Y a-t-il des choses qui ont beaucoup changé dans le travail du directeur financier de LuxGSM, ces dernières années ?

« Sur le plan financier, le développement des forfaits a été un changement énorme. Le défi est en fait de calculer et déterminer au plus juste leurs tarifs… Il s’agit de ne pas se tromper. C’est vers juillet 2007 que l’on a lancé nos offres ‘Relax’. Au début, comme nous nous y attendions un peu, ce sont d’abord les grands consommateurs qui ont été attirés par le fait que les forfaits étaient illimités. Si nous n’avions que des clients comme eux, il faut être sincère, l’opération ne serait pas rentable. Le fait est que nous attirons également des clients, qui y trouvent du confort d’utilisation, sans consommer excessivement de manière régulière.

L’autre grand bouleversement a été le développement des smartphones…. Et pour être précis, cela a été l’apparition de l’iPhone. Cette catégorie est devenu un véritable segment de marché. Il a fallu penser et construire un forfait spécifique pour les usages qui y sont associés. Si le premier grand changement a été conduit par une offre plus adaptée au marché, le second a été la conséquence d’une rupture technologique.
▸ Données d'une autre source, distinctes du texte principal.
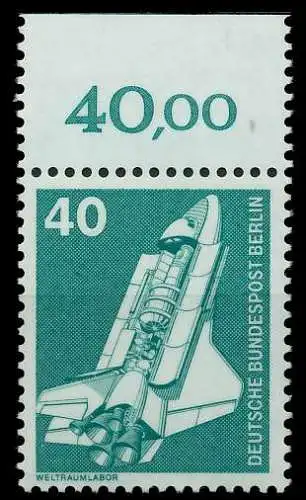 BERLIN DS INDUSTRIE U. TECHNIK Nr 498 postfrisch ORA 8ED20E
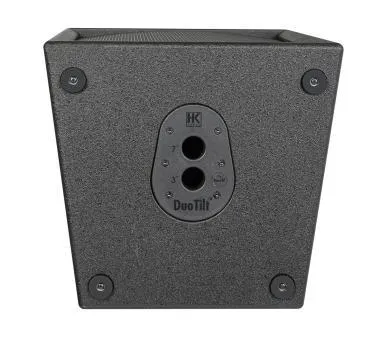 HK Audio PR:O 115 FD2 aktív hangfal, 1200W, 15″ + 1″, 90°x55° CD horn, Class D bi-amp, DSP, FIR, MDF, 25,7 kg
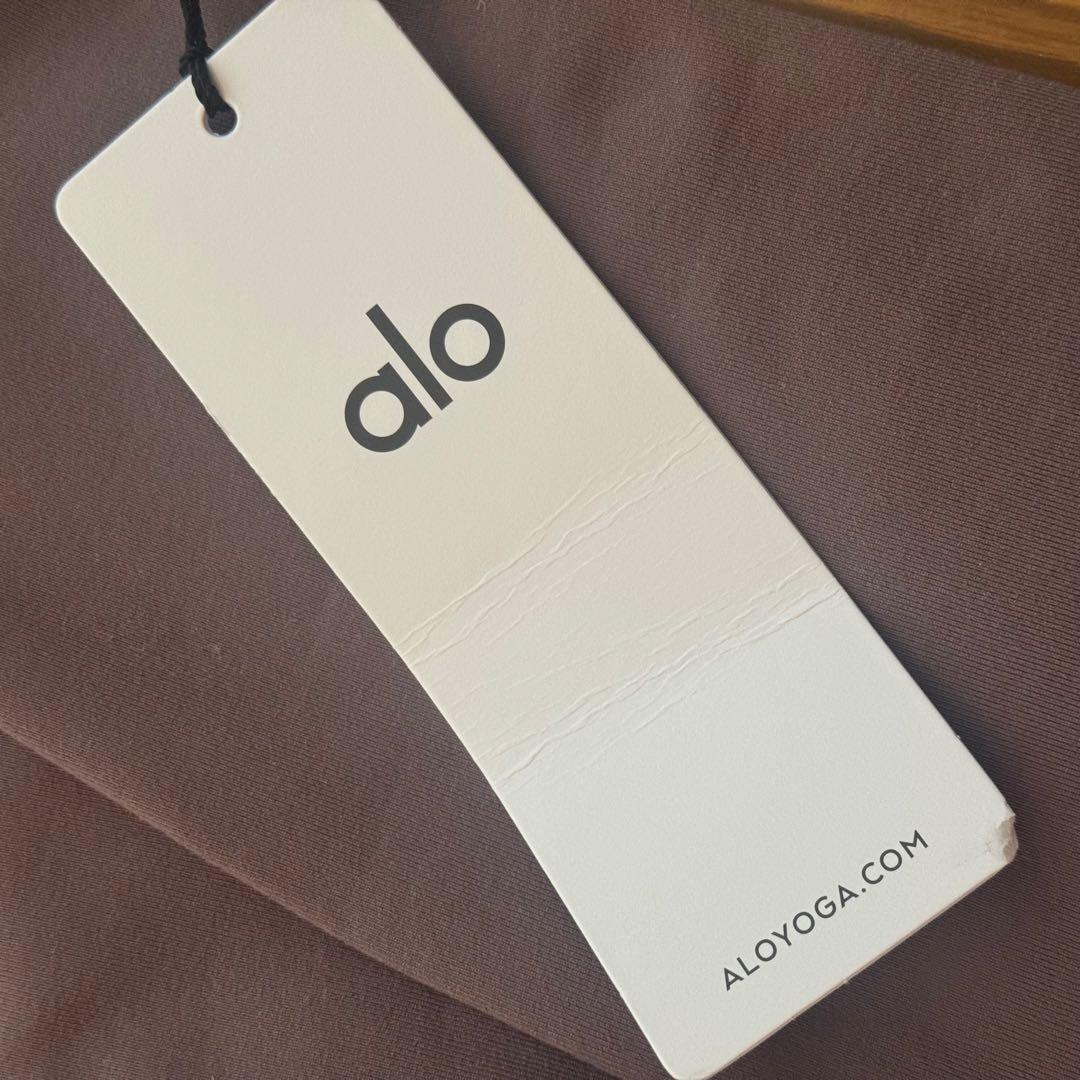 alo ハイウェストレギンス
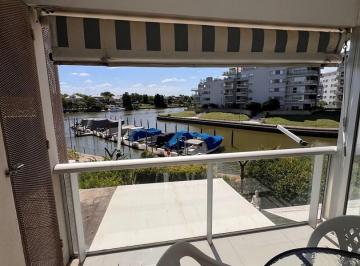 Departamento · 54m² · 2 Ambientes · 1 Cochera · Departamento en Alquiler en Marinas del Canal, Nordelta, Tigre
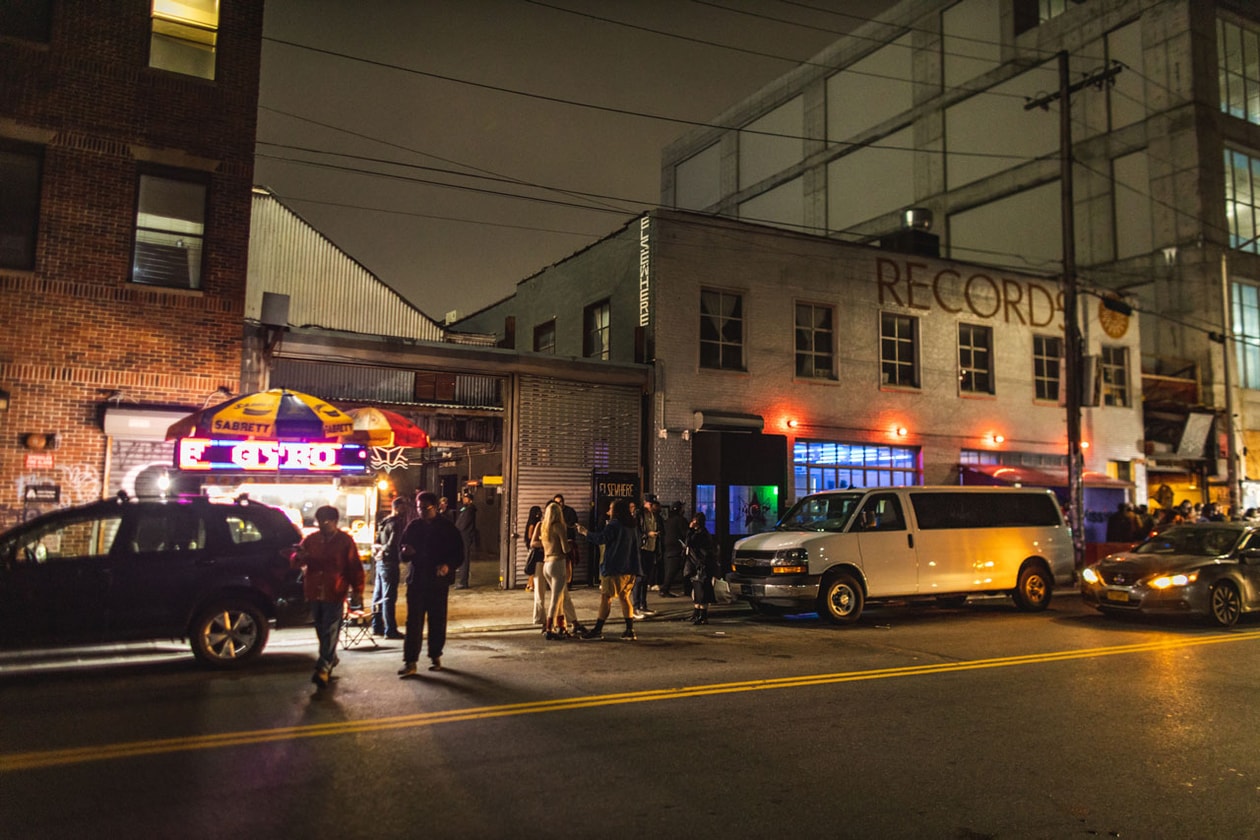 Elsewhere Hall Brooklyn’s Elsewhere Is the Club Where Everyone Belongs | Hypebeast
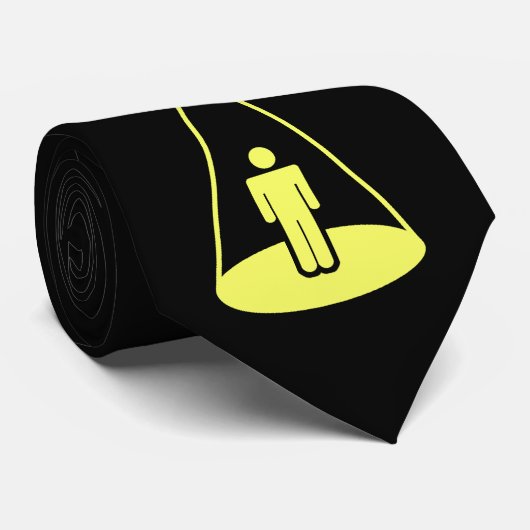 UFOの外転 ネクタイ (ロール)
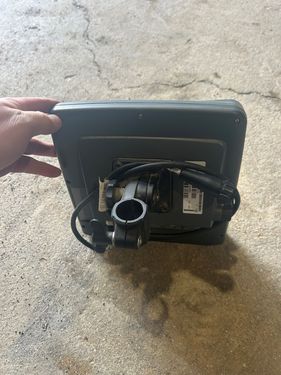 Krone CCi 200 InCab Terminal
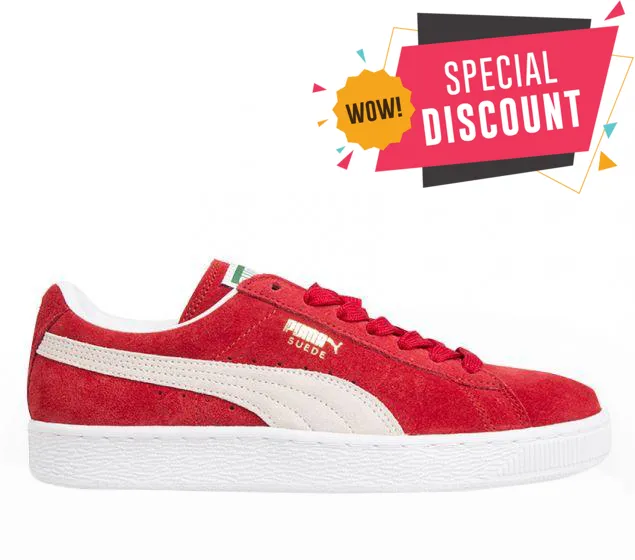 PUMA | SUEDE CLASSIC REGAL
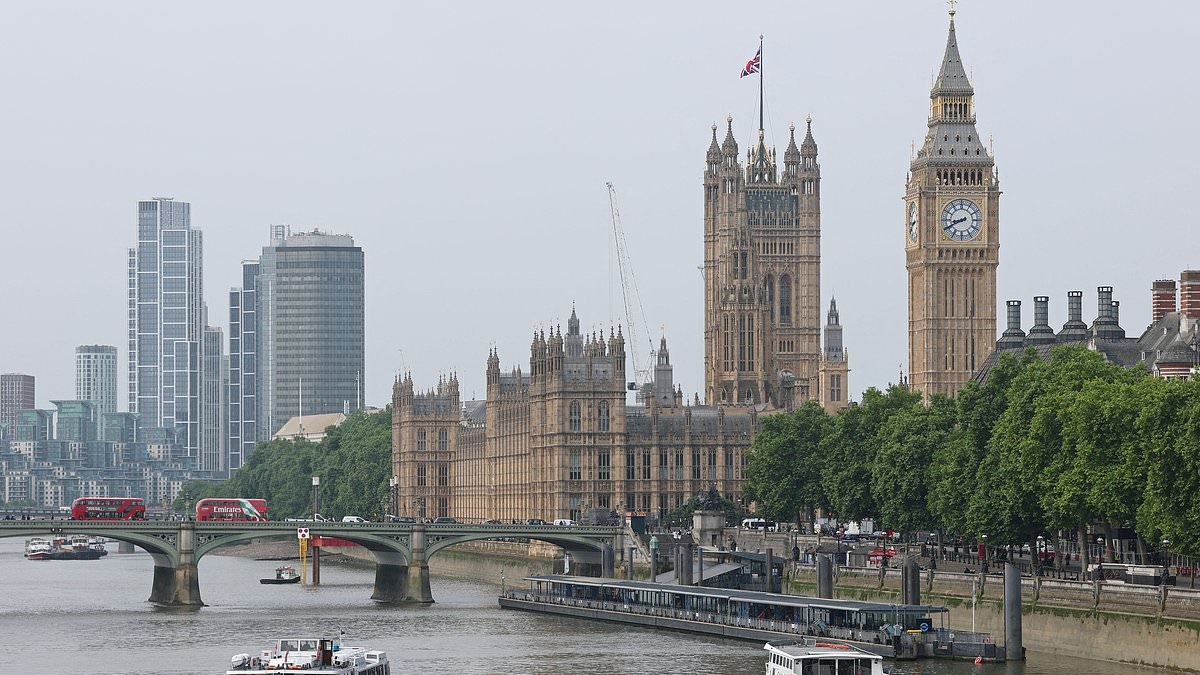 Commons forced to apologise after allowing a transgender woman to use female-only toilets despite Supreme Court ruling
Cela a également eu des conséquences, en nous obligeant à réadapter nos forfaits, en y incluant systématiquement des volumes de données.

Quels sont les principaux défis financiers pour votre entreprise ?

« Notre principal défi, c’est la construction de nos tarifs, en mettant en regard tous nos coûts de fonctionnement et d’achat. En fin de cycle, nous ne devons pas avoir dépensé plus que ce que nous attendons comme revenus pour les modèles distribués. Nous sommes un secteur dans lequel il y a une tension sur les marges, partout en Europe. Ceci d’autant plus que la part du roaming est beaucoup plus importante dans nos factures que dans d’autres pays.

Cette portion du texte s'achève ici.